#### WORK REQUIRED:
How many lines in the records below hold the string "will"? Answer with the number alone.

#### INFORMATION PROVIDED:
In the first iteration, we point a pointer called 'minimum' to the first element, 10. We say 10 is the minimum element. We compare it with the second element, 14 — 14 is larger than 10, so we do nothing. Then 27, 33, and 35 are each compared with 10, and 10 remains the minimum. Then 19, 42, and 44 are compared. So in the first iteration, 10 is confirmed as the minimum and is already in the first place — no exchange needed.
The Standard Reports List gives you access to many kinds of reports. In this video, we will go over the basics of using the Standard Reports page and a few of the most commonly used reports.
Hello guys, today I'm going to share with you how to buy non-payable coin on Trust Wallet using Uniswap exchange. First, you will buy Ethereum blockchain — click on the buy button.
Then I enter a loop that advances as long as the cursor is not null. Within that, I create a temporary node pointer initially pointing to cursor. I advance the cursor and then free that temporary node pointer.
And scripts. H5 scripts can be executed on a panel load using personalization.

#### TASK SOLUTION:
2